Petitioner is, however, correct as to the second cause of action. The counterclaim itself recited that this particular cause of action is merely based on facts alleged in the complaint, and it thus had the effect only of restating the issues already raised by the plaintiff. Obviously, as far as this cause of action is concerned, there was no occasion to rule the plaintiff in default. 1 Hence, the award of damages on the counterclaim’s second cause of action has not become final, since the case was appealed on the merits. But this fact did not excuse the petitioner from meeting the different issues of the first and third causes of action, and as to them, it was properly declared in default.

Petitioner maintains that it has not lost its standing in court and is technically not in default because it filed a motion to dismiss the counterclaim. The records show, however, that said motion was denied by the trial court on 31 August 1956, and movant Zambales Colleges, Inc., was duly notified of this denial on 1 September 1956. Needless to say, a motion to dismiss cannot be a substitute for an answer, especially when it is denied.

Not having moved for the reconsideration or for the lifting of the order of default, petitioner itself has foreclosed its right to appeal from the portions of the judgment which considered it in default (see Lim Toco v.
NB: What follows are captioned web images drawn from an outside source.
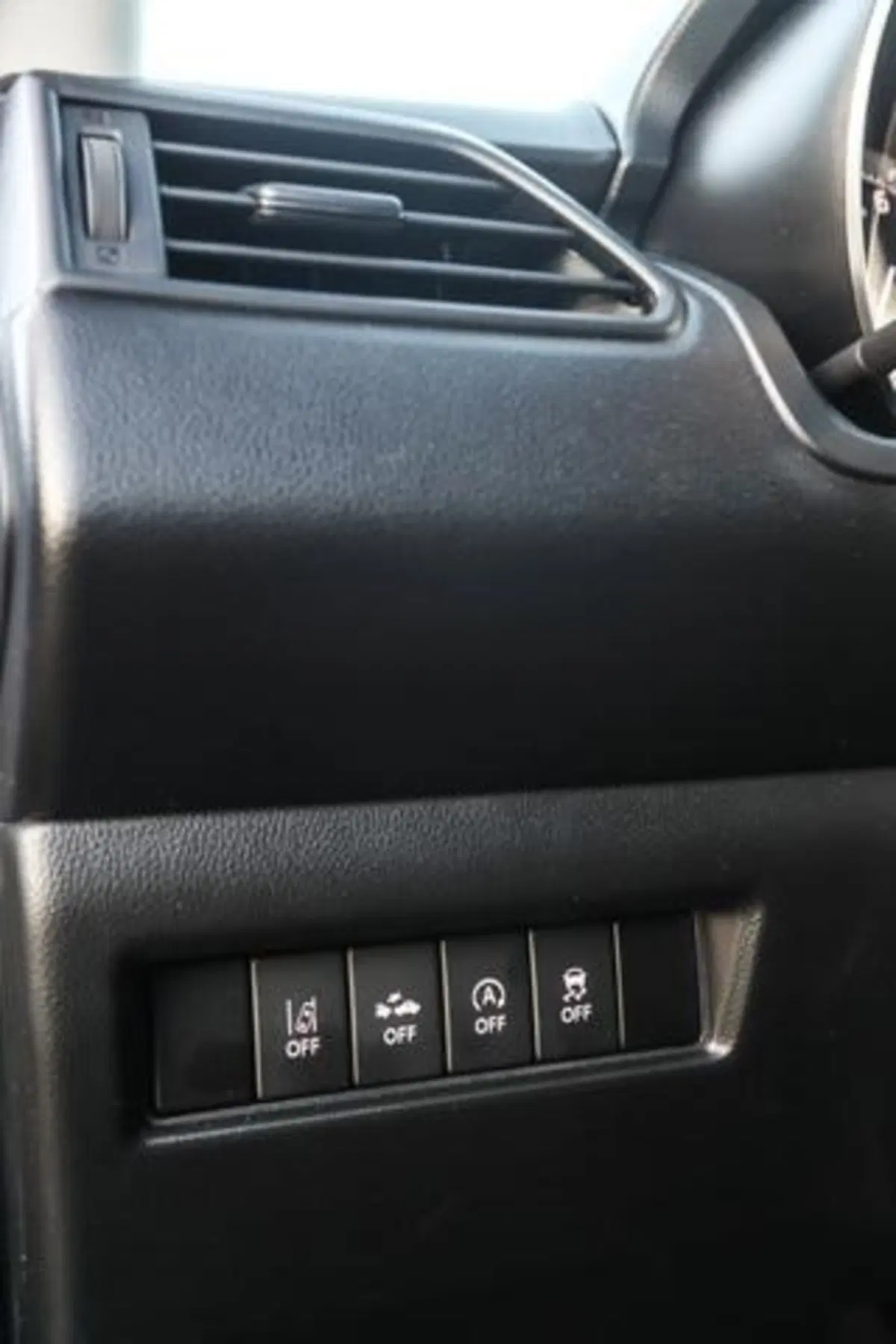 Suzuki Swift 1.2 Hybrid Top: i vantaggi di un ibrido semplice [video] (21)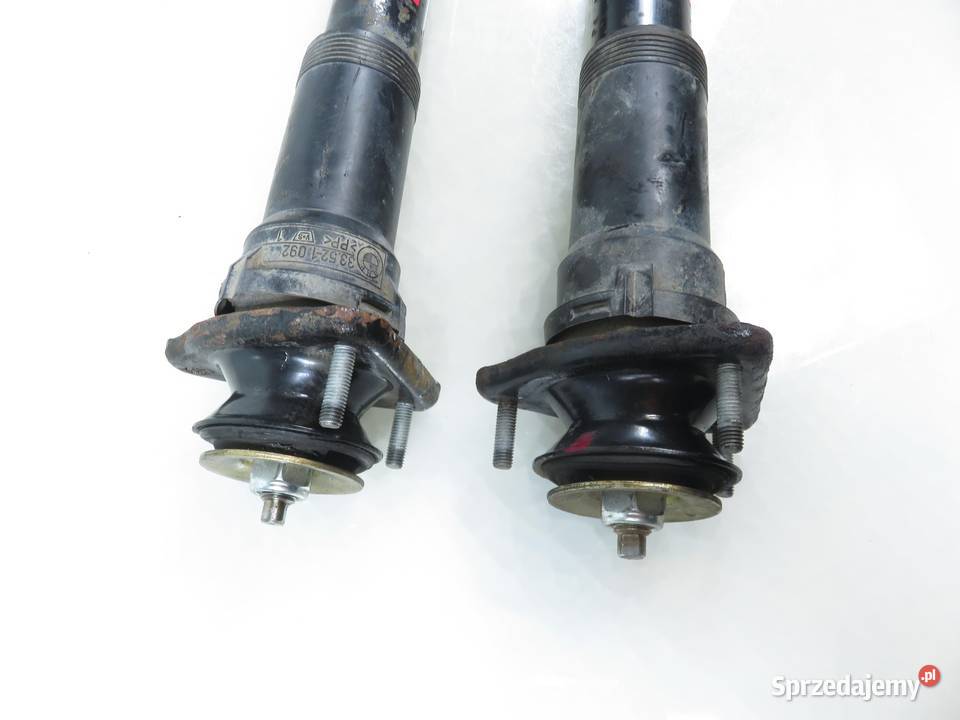 AMORTYZATOR TYŁ BMW 5 Touring E39 530 d M57 D30 osobowe sprzedam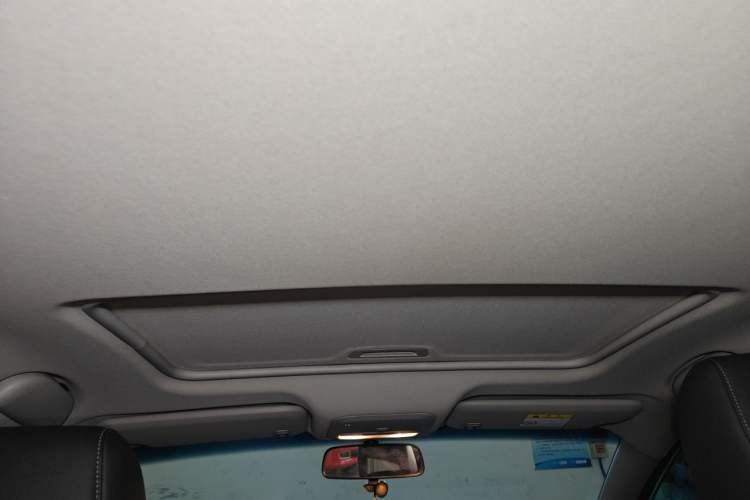 Used Buick GT 2021 Revised Version Flagship 1.5L Automatic Elite Edition Headliner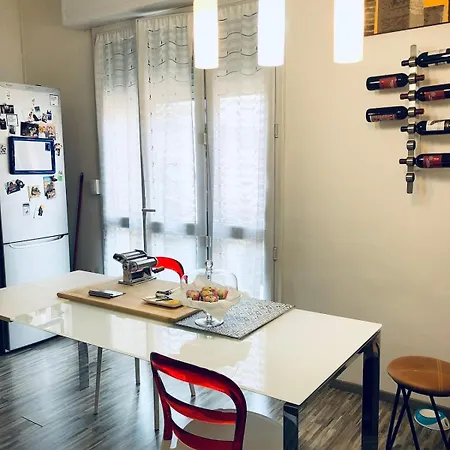Cozy And Deluxe Minutes From Downtown * Bologna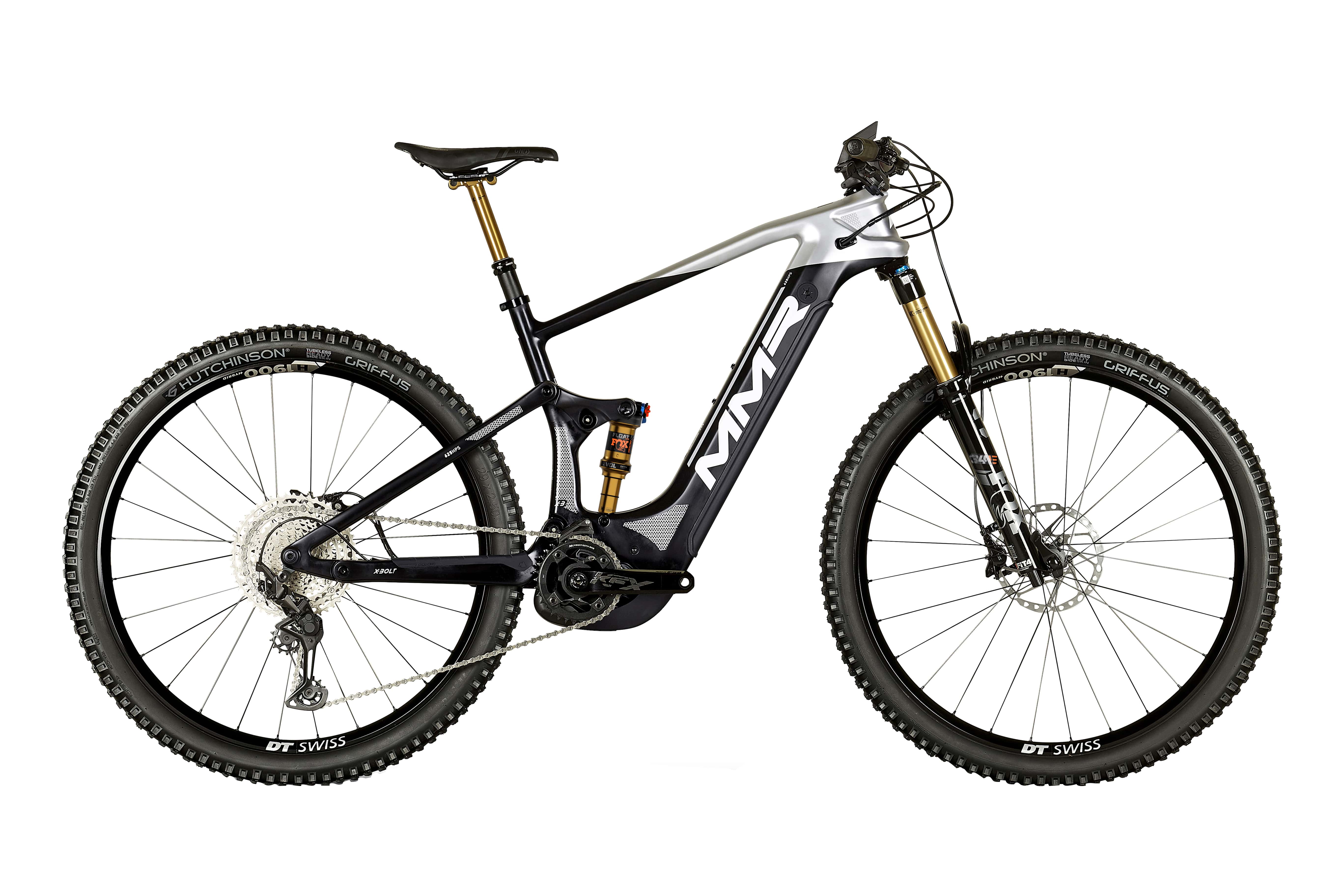 X-Bolt 120 - Image 2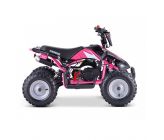 POCKET QUAD KEROX REX 49CC BW6 ROSE 2021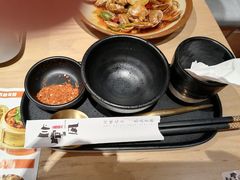 -川堂风·跷脚牛肉·乐山爆炒(宝山日月光店)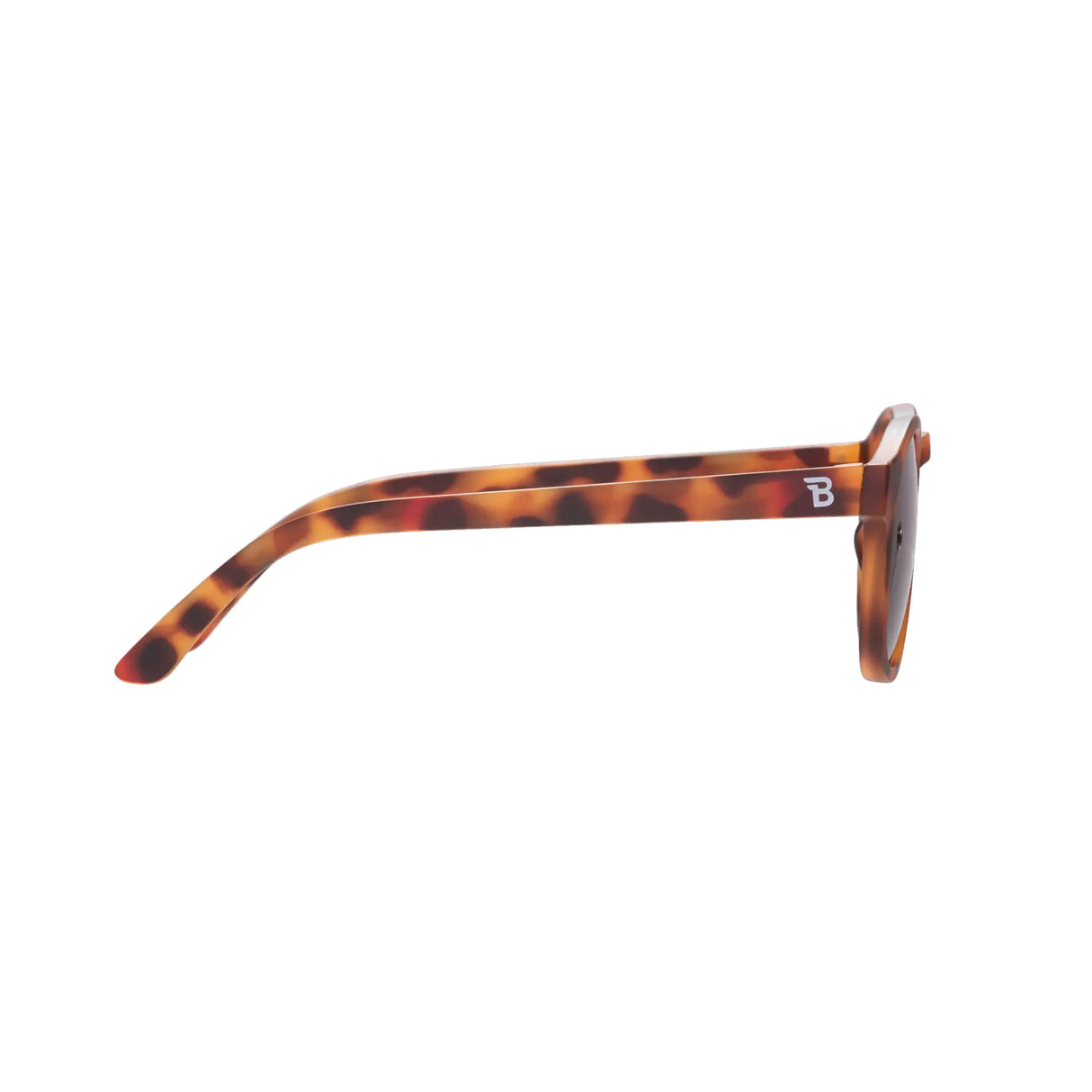 Babiators Gafas de Sol Lentes Ámbar 3-5 Años – Totally Tortoise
Go Fay, 80 Phil., 166; Samudio v. Municipality of Gainza, 100 Phil., 1013; 53 Off. Gaz., 3744; Manila Motor Co., Inc. v. San Juan, G.R. No. L-9163, May 29, 1959).

Finally, petitioner contends that it would be unconstitutional to deprive a party of his opportunity to appeal. Suffice it to say in this regard, however, that petitioner was not denied or deprived of that right, but lost it due to its own fault and negligence, for which it is exclusively to blame.

WHEREFORE, the judgment of the Court of Appeals appealed from is modified in the sense that the order of execution, dated 15 August 1959, issued by the trial court in its Civil Case No. 1760, shall be confined only to those portions of its judgment relating to the first and third causes of action of defendant Villanueva’s counterclaim, to the exclusion of the P6,000.00 — awarded on the second cause of action. The writ of preliminary injunction issued by this Court on 8 March 1960 to stay execution of judgment in said civil case is hereby lifted, and the trial court ordered to proceed in accordance with this opinion. No special pronouncement as to costs. So ordered.

Bengzon, Actg. C.J., Padilla, Bautista Angelo, Concepcion, Barrera, Paredes and Dizon, JJ., concur.

Labrador, J., took no part.

Endnotes:



1. A declaration of default under these circumstances is a nullity (see Navarro and Binoya v. Bello, 54 Off Gaz., 6588).